*** RECORDS Section Begins ***

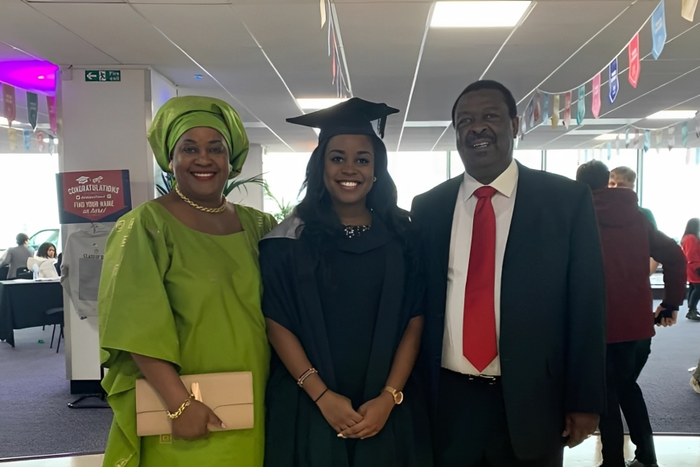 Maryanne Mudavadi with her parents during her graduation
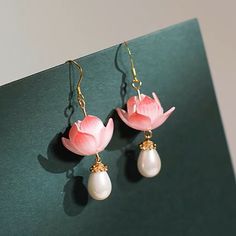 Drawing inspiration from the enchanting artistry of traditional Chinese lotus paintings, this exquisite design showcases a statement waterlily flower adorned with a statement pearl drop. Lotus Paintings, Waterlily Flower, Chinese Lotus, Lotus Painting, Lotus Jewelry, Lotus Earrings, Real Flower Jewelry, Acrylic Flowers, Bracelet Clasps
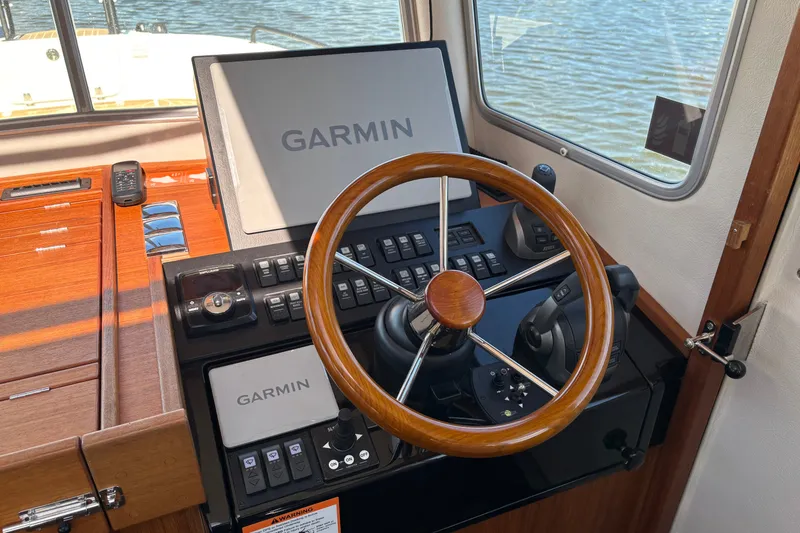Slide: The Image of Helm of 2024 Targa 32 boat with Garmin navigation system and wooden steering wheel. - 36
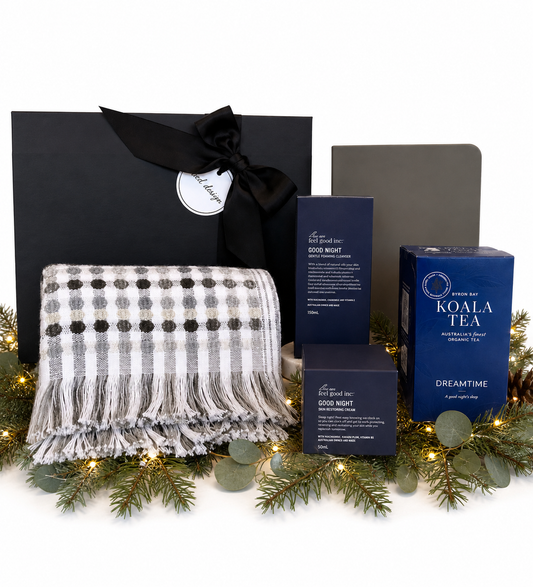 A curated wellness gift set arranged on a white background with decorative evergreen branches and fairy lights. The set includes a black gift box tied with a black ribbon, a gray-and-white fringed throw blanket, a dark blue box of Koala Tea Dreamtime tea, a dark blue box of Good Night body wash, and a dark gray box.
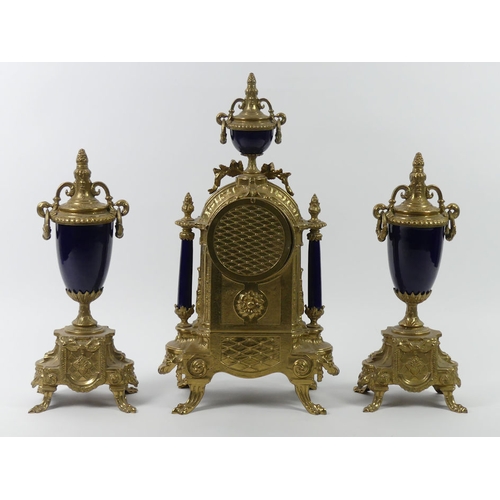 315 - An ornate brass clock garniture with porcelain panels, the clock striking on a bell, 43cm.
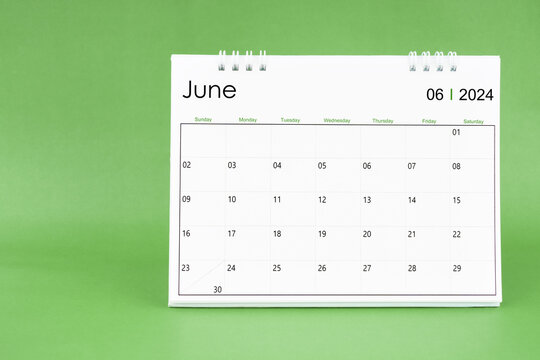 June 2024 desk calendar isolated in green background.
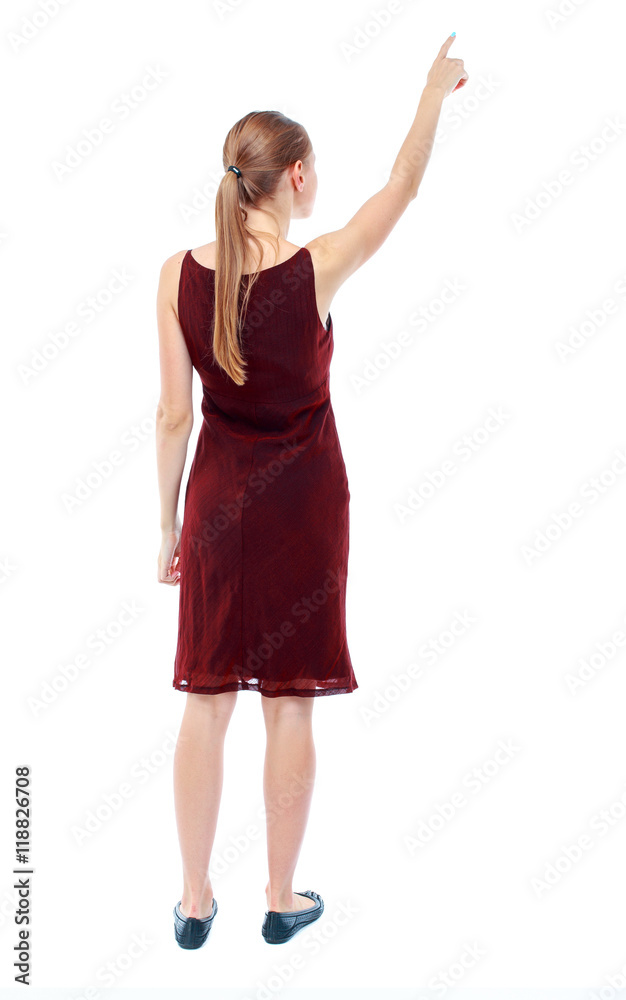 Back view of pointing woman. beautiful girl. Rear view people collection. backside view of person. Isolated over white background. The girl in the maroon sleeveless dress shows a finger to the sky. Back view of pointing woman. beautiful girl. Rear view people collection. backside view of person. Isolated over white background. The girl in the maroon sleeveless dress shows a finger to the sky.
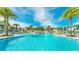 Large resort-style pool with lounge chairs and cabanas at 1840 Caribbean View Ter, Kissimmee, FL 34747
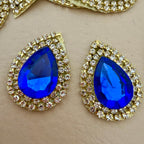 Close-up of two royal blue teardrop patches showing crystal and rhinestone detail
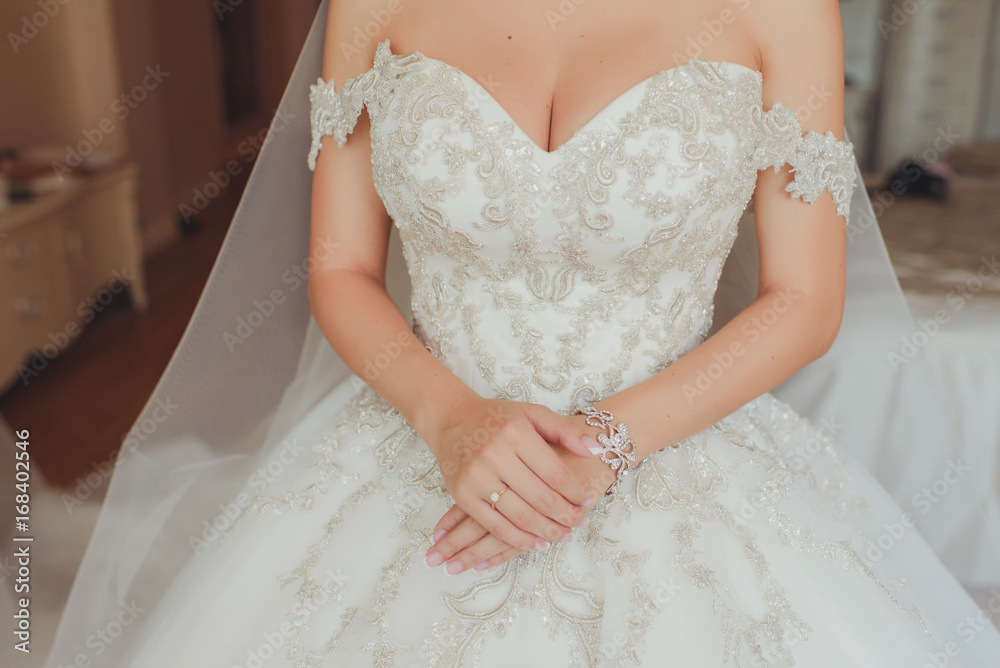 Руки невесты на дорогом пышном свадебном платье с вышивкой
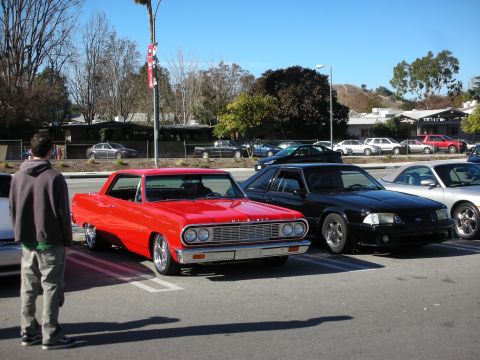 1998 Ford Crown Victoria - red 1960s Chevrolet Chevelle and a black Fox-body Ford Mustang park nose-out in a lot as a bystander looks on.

*** RECORDS Section Ends ***
*** RECORDS Section Begins ***

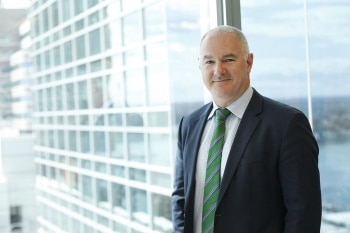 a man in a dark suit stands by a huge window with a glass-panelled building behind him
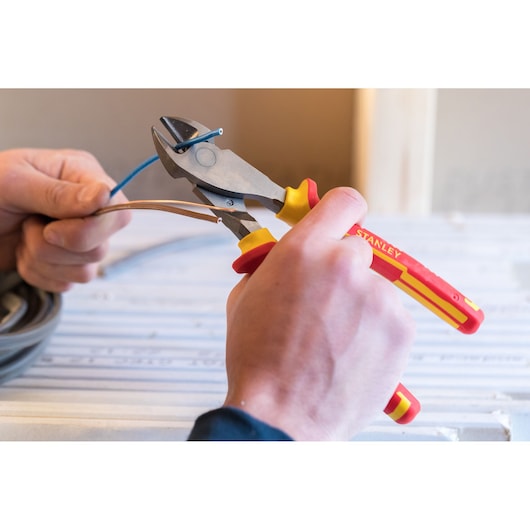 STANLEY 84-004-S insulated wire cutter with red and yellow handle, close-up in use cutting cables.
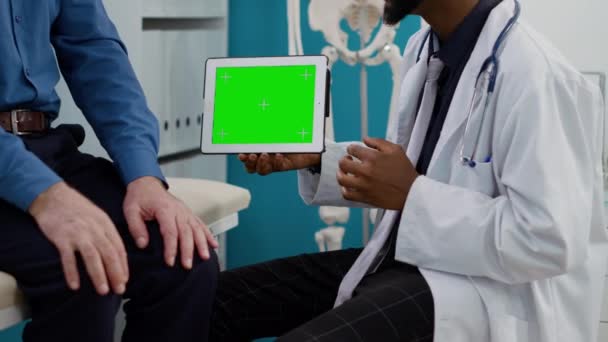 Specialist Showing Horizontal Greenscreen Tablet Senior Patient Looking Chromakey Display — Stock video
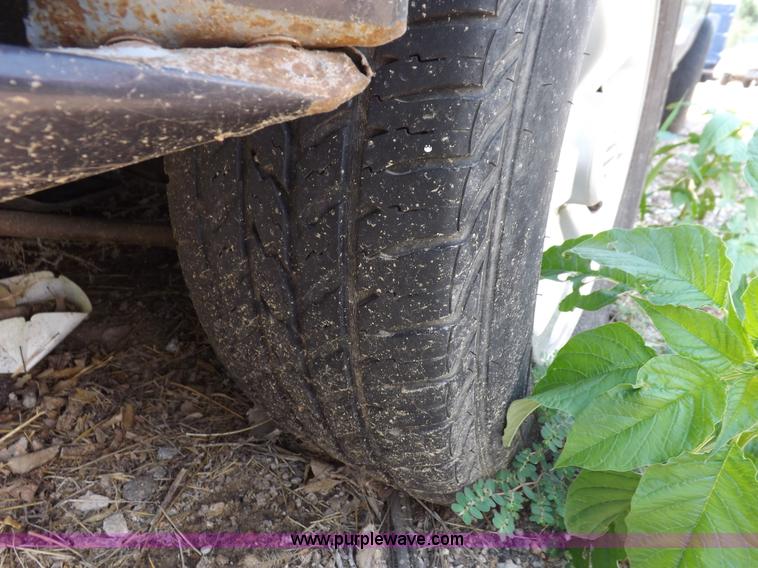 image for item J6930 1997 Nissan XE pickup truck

*** RECORDS Section Ends ***

• _INSTRUCTIONS TO FOLLOW_
Repeat, word for word, the lines of the material above from the one holding "315 - An ornate" through the one holding "1998 Ford Crown". Leave out pictures.

• _RESPONSE TO THIS EXERCISE_
 315 - An ornate brass clock garniture with porcelain panels, the clock striking on a bell, 43cm.
 June 2024 desk calendar isolated in green background.
 Back view of pointing woman. beautiful girl. Rear view people collection. backside view of person. Isolated over white background. The girl in the maroon sleeveless dress shows a finger to the sky. Back view of pointing woman. beautiful girl. Rear view people collection. backside view of person. Isolated over white background. The girl in the maroon sleeveless dress shows a finger to the sky.
 Large resort-style pool with lounge chairs and cabanas at 1840 Caribbean View Ter, Kissimmee, FL 34747
 Close-up of two royal blue teardrop patches showing crystal and rhinestone detail
 Руки невесты на дорогом пышном свадебном платье с вышивкой
 1998 Ford Crown Victoria - red 1960s Chevrolet Chevelle and a black Fox-body Ford Mustang park nose-out in a lot as a bystander looks on.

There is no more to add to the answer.